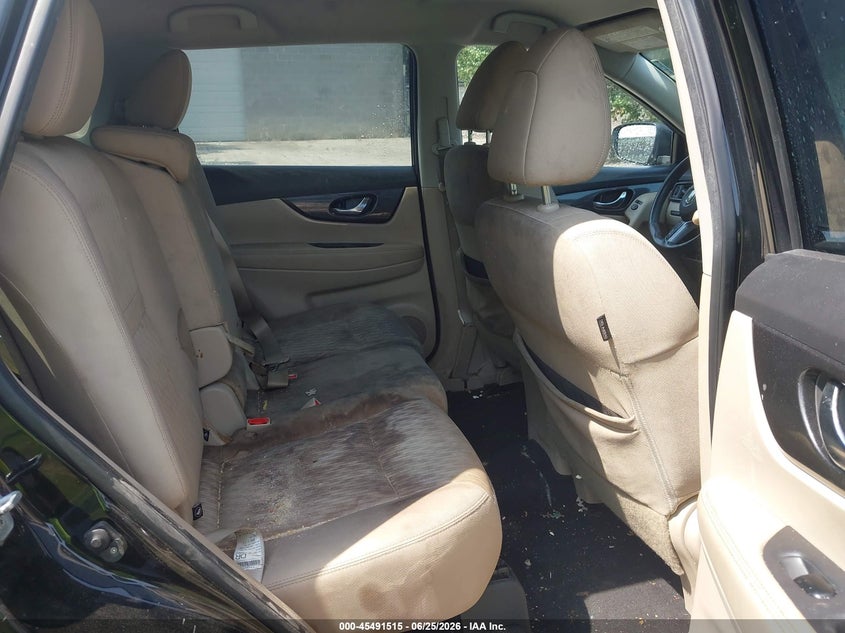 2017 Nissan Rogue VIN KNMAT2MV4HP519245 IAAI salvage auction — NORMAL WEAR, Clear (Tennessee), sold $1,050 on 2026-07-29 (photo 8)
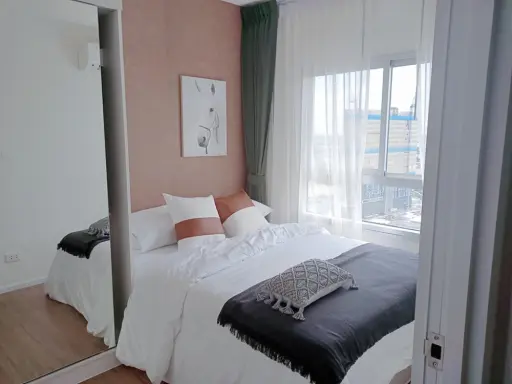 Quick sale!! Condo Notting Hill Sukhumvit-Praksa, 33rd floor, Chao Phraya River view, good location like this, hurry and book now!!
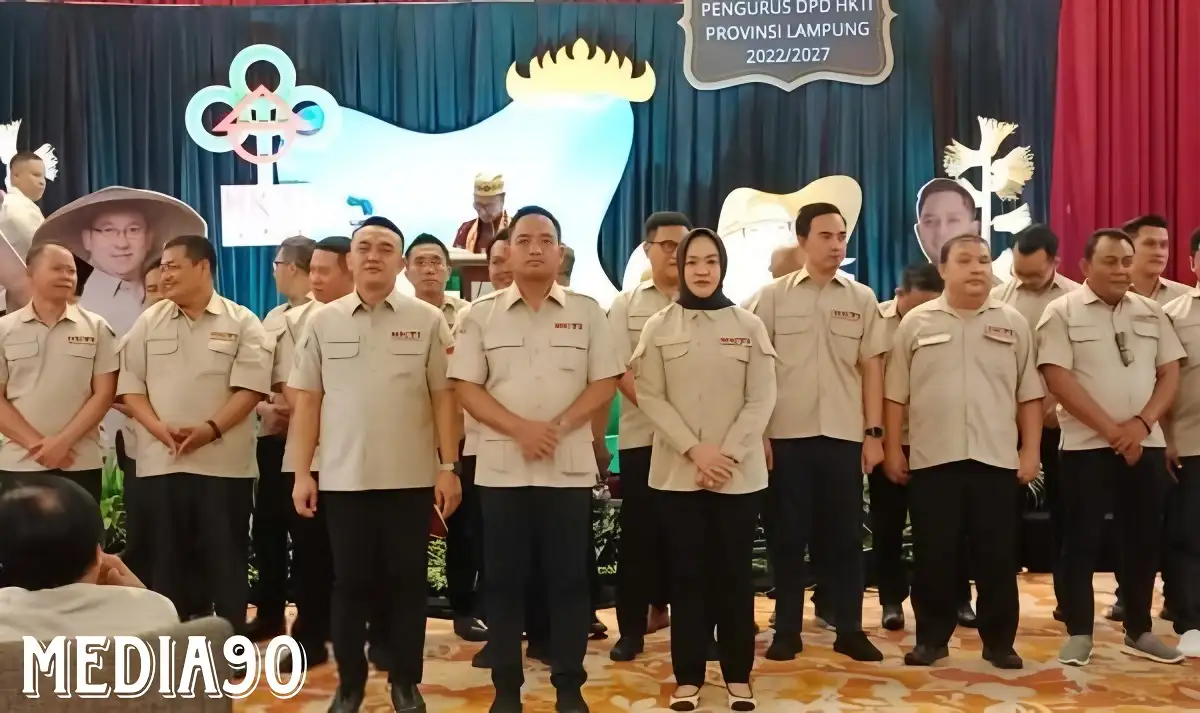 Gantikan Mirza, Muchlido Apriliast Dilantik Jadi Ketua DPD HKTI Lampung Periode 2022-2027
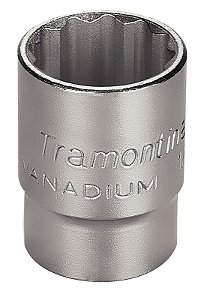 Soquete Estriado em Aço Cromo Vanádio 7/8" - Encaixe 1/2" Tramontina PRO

- DIRECTIONS FOR THIS TASK: Write out the material above exactly, and omit the pictures it holds.

- EXPECTED ANSWER:
 2017 Nissan Rogue VIN KNMAT2MV4HP519245 IAAI salvage auction — NORMAL WEAR, Clear (Tennessee), sold $1,050 on 2026-07-29 (photo 8)
 Quick sale!! Condo Notting Hill Sukhumvit-Praksa, 33rd floor, Chao Phraya River view, good location like this, hurry and book now!!
 Gantikan Mirza, Muchlido Apriliast Dilantik Jadi Ketua DPD HKTI Lampung Periode 2022-2027
 Soquete Estriado em Aço Cromo Vanádio 7/8" - Encaixe 1/2" Tramontina PRO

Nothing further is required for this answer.